Encontramos ainda 3 anexos ao diploma.
— o primeiro, referente ao modo de cálculo da XXXX;
— o segundo, atinente à informação normalizada europeia em matéria de crédito aos consumidores;
— o terceiro, relativo à informação normalizada em sede de descobertos, créditos concedidos por certas organizações e conversão de dívidas.
O presente texto destaca, especialmente, o terceiro capítulo, o qual, para além da maior dimensão normativa em relação ao texto antigo (arts. 12º a 23º, portanto 12 disposições3), dá realce a novas matérias (cfr. art. 20º), a novas particularidades quanto a assuntos já tratados (art. 17º e art. 19º) ou a clarificações na esteira da doutrina e da jurisprudência portuguesas (art. 18º), sem prejuízo de, nalguns casos, a temática se manter imodificada (v.g., art. 22º).
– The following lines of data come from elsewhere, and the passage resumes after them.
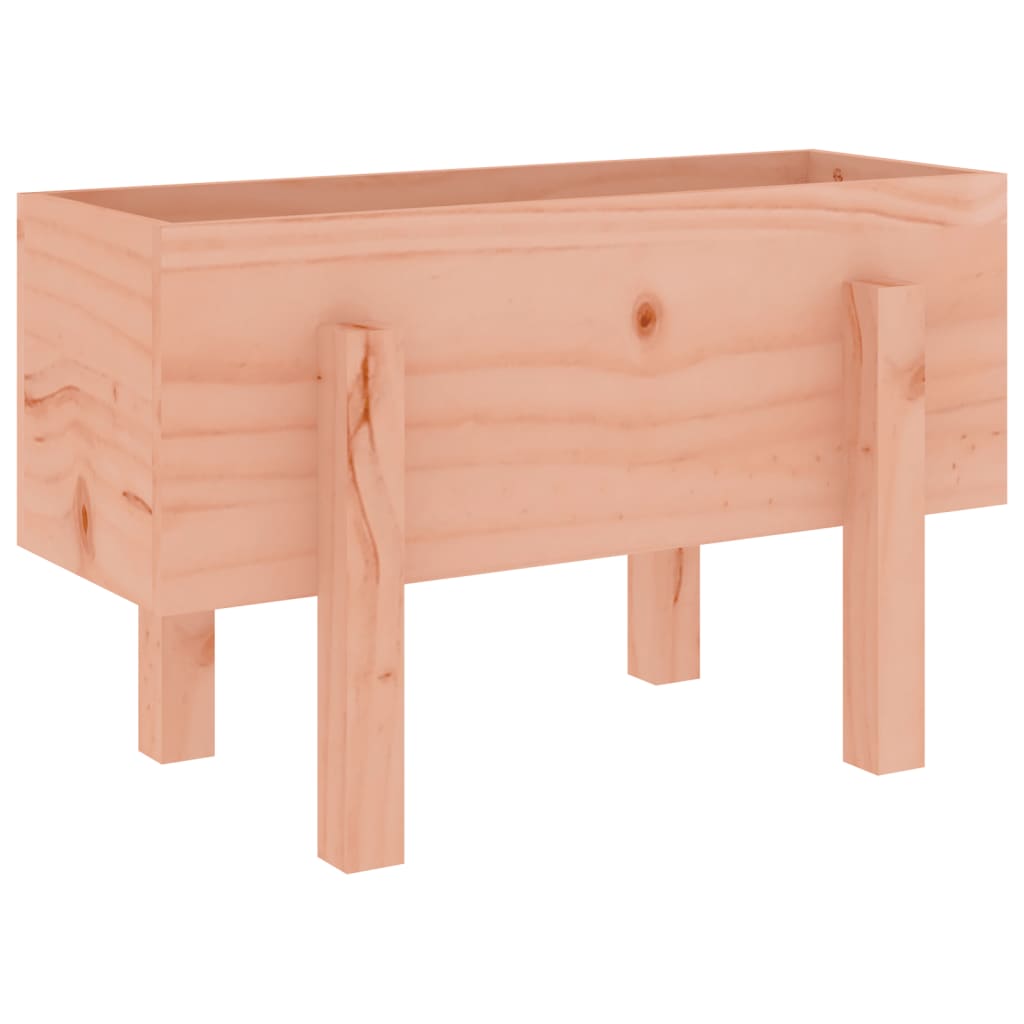 vidaXL Pflanzkübel 62x30x38 cm Massivholz Douglasie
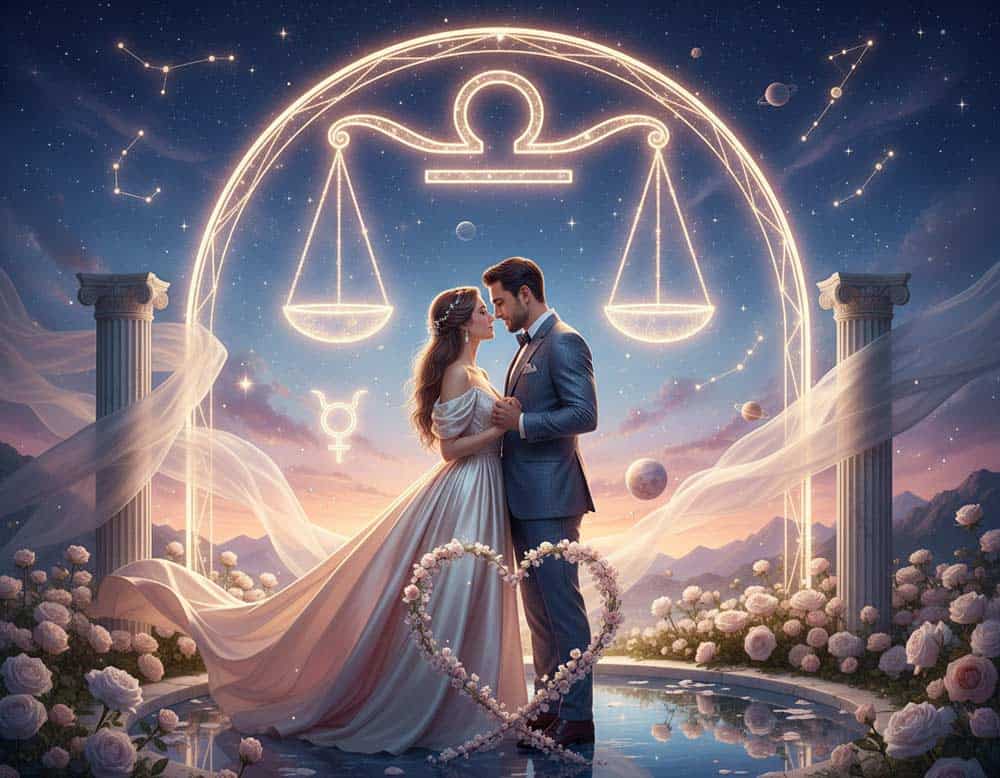 Romantik, Liebe und Partnerschaft im Zeichen Waage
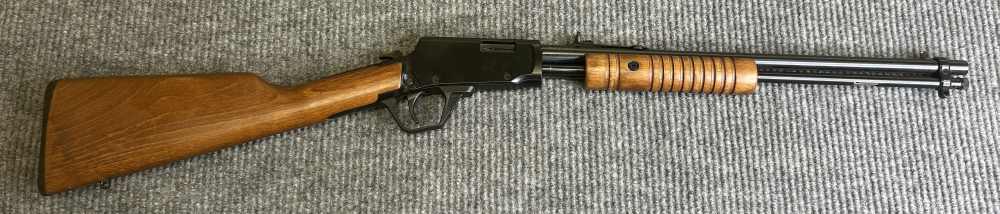 *BEAUTIFUL* Rossi Model Gallery Pump Action Rifle w/ 22" Barrel - 22LR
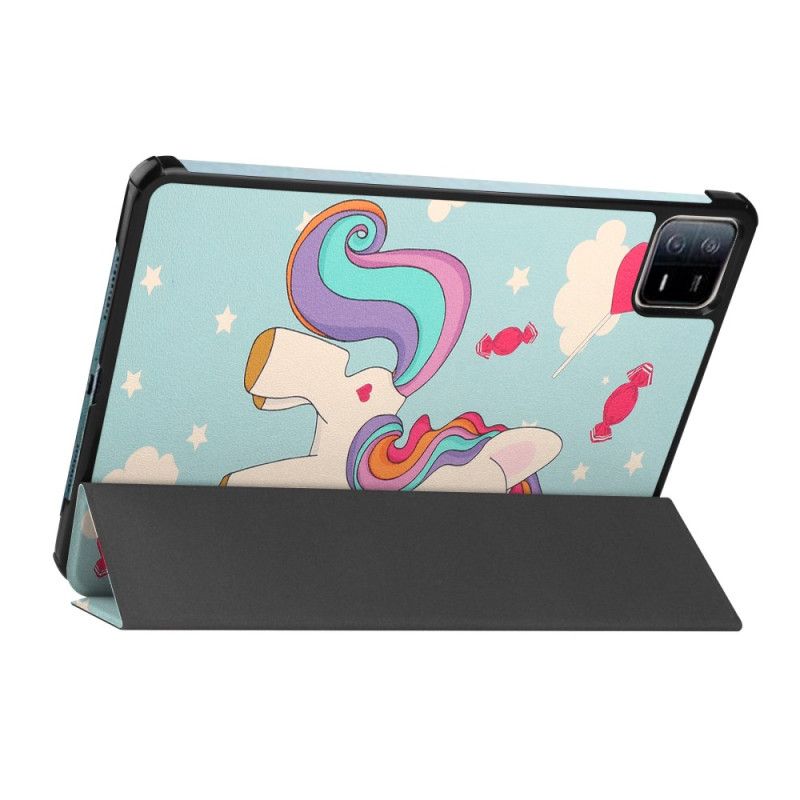 Smart Case Xiaomi Pad 6 / 6 Pro Licorne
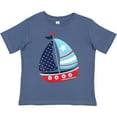 thumbnail image 3 of Inktastic Sailing Boat, Sailor, Sailing, Boat, Ship, Sails Boys Toddler T-Shirt, 3 of 5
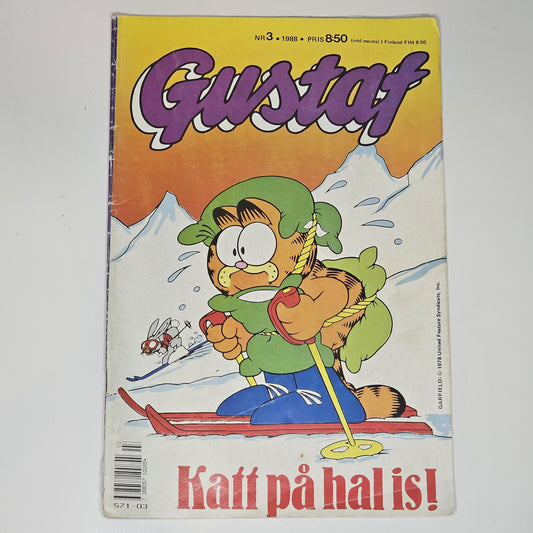Gustaf Nr 3 1988 #VG#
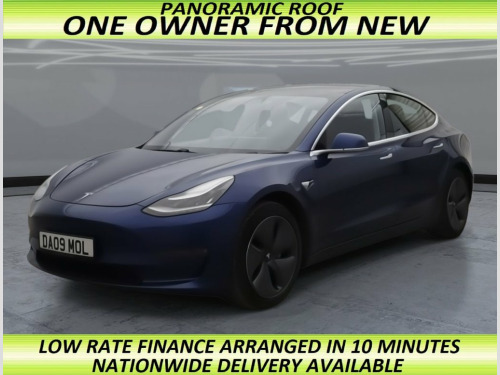 Tesla Model 3  (Dual Motor) Long Range Saloon 4dr Electric Auto 4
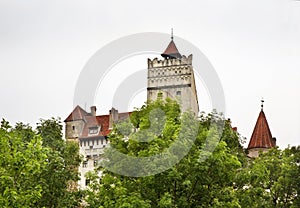 Bran Castle (Castle of Dracula). Romania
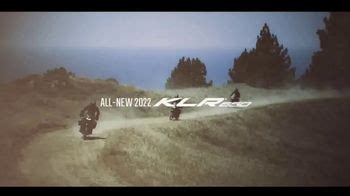 2022 Kawasaki KLR650 TV Spot, 'The Legend Is Back' featuring John Kubin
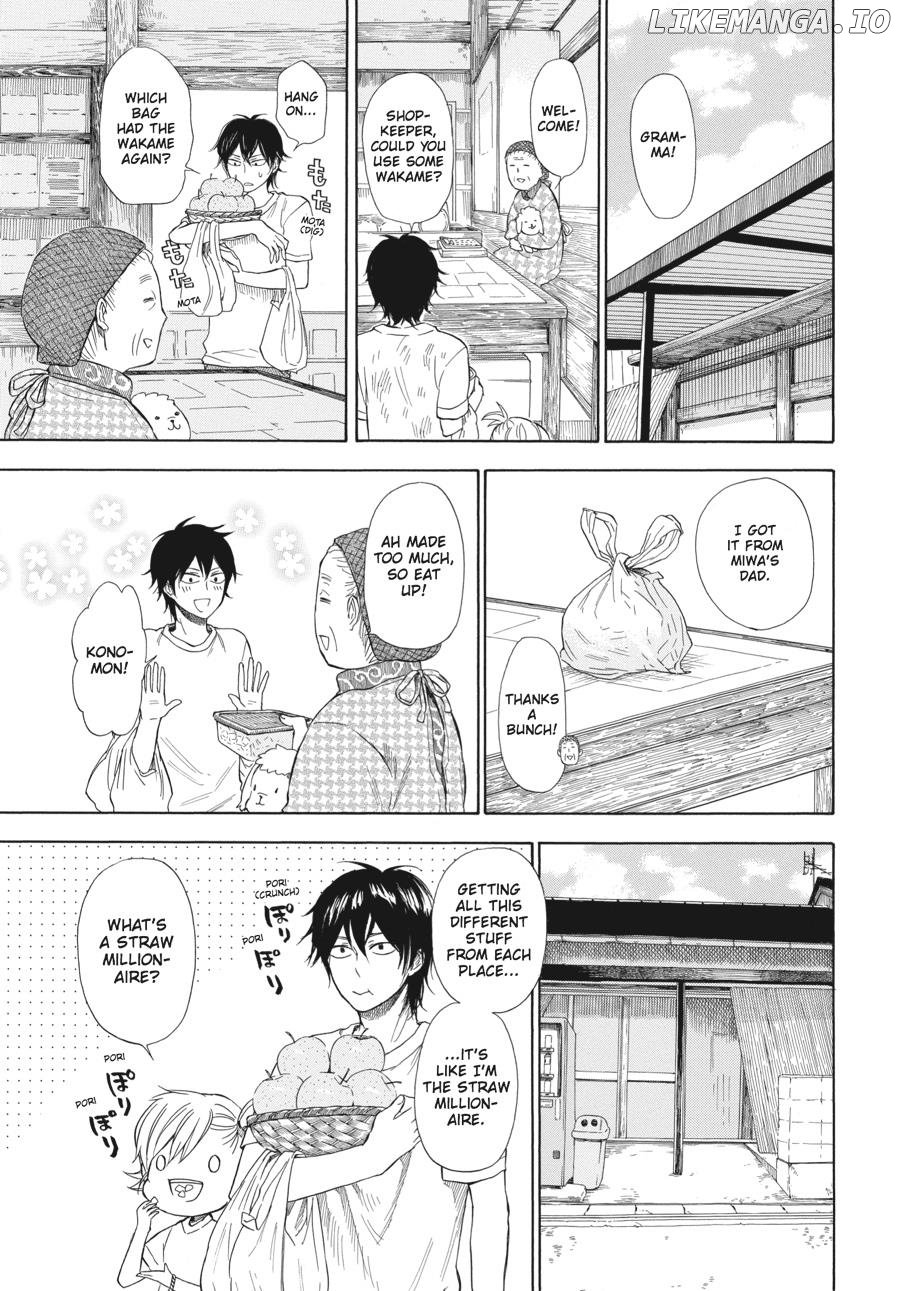 Barakamon chapter 34 - page 11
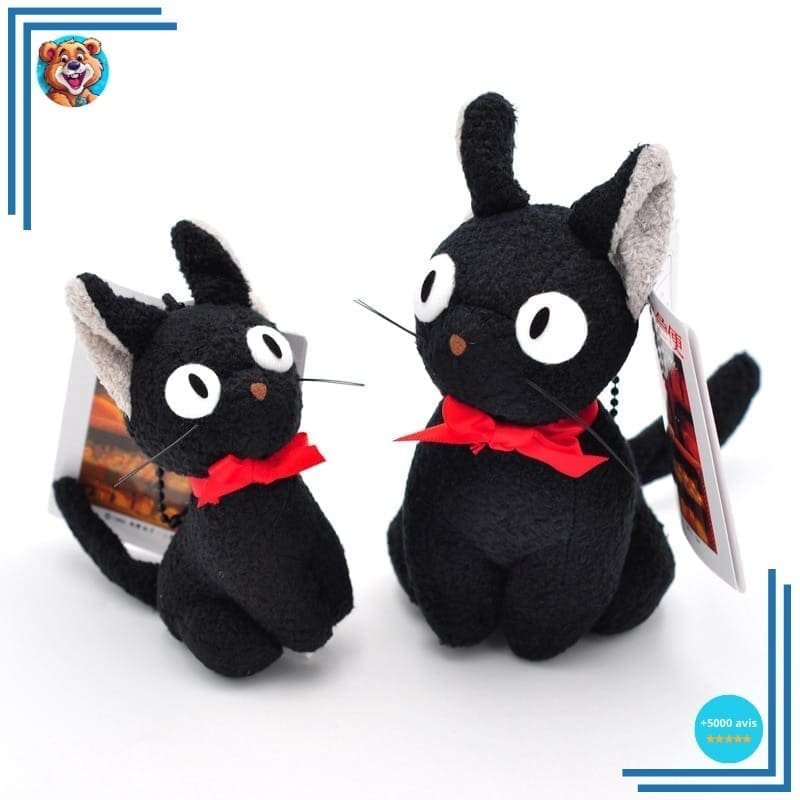 Peluche chat inspiration Jiji de Miyazaki – Image 2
3. Celebração do contrato de crédito
3.1. Forma e procedimento; obrigatoriedade de entrega do exemplar aos garantes
Se, no quadro do DL 359/91, se impunha a redução a escrito do contrato de crédito aos consumidores, o atual diploma alarga, na esteira de outros, o leque de possibilidades: papel ou outro suporte duradouro. Acresce que tal deve ser feito em condições de inteira legibilidade pelo consumidor (art. 12º, nº 1).
3 Em vez das anteriores 7 regras (arts. 6º a 12º do DL 359/91).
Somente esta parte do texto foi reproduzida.